Some of my publications have more to do with children in books than real children reading books. Those who study children’s literature from an English perspective view children’s books as literary and artistic artifacts and devote attention to aspects such as the art, character development, and the application of different theoretical readings to texts intended for young people, rather than focusing on what children and young adults do with the books . But I do care deeply about children and how they interact with books, which is often more of a focus for those who teach children’s literature in library science and education departments. My teaching, research and service cover all three disciplines.
A lot of the work I do now is really helping adults understand the importance of showing children different perspectives in books and that children are able to see their own experiences in the books they read. The books you grew up with might not necessarily be good or entertaining for the kids you work with now.
I really need to do my homework and read a lot to be able to teach and recommend books that represent the life experiences of children and families from different backgrounds.
How has the role of libraries changed as a result of the pandemic?
Libraries have been under many of the same pressures that everyone else has. But although many libraries were physically closed, they continued to serve their communities. Libraries have been working hard to meet their communities where they are, particularly those hardest hit by the pandemic – from providing virtual storytelling hours to career support. For example, many libraries extended their WiFi into the parking lot so parents could drive their kids to the library, download their homework, and go home and do it. Although many students had a school-provided laptop, if they lived in rural areas with no internet, they didn’t have what they needed to be successful in school. Libraries helped support many of these families.
I’ve heard so many stories about how libraries have met community needs during the pandemic, such as: B. providing clothing or food, or improving access to information by offering contactless curbside pickup, or converting private vehicles into bookmobiles where books can be delivered to those who were unable to come to the library.
Some readers may view libraries as institutions that do not change. And perhaps the pandemic has proven that libraries can adapt and change over time as we need to.
I’m currently working on a research project called Project VOICE, which aims to help libraries plan their outreach with, not for, their communities, with a social justice lens and with participatory design. We encourage librarians to work closely with the community and community partner organizations to recognize community assets and values and to adopt a strengths-based approach when creating outreach programs, rather than the deficit model focused on weaknesses and needs concentrated.

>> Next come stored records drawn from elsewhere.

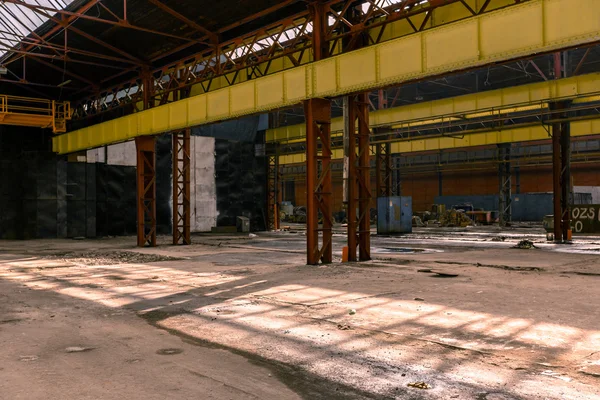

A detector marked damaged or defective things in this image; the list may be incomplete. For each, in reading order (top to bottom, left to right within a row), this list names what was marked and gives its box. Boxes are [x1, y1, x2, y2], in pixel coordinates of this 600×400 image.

rusty steel column [135, 137, 156, 247]
rusty steel column [171, 129, 190, 247]
rusty steel column [304, 97, 332, 266]
rusty steel column [344, 94, 372, 262]
cracked concrete floor [1, 228, 600, 400] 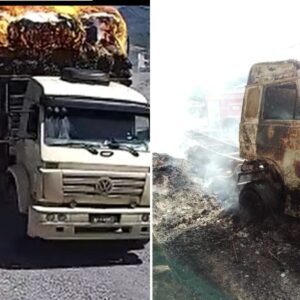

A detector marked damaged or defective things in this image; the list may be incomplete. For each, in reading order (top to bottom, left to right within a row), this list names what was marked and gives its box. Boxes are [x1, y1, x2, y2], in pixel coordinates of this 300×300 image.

burnt truck frame [0, 69, 150, 243]
charred tire [238, 180, 282, 223]
burned truck [238, 60, 300, 220]
burnt truck frame [238, 60, 300, 220]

We encourage libraries to move away from the approach that says, “Hey, we’re the library, here’s what we do well.” Can you use it?” and instead ask, “As members of this community, you know best what the values and benefits of the community are. How can we as a library work with you to support your goals and aspirations?”
As communities across the country are more diverse than ever, and growing, it is really important for librarians to invest time and effort in building relationships with the people in the community. This will ensure that libraries continue to understand the nuances of how to best serve their community, especially as the face of that community is rapidly changing.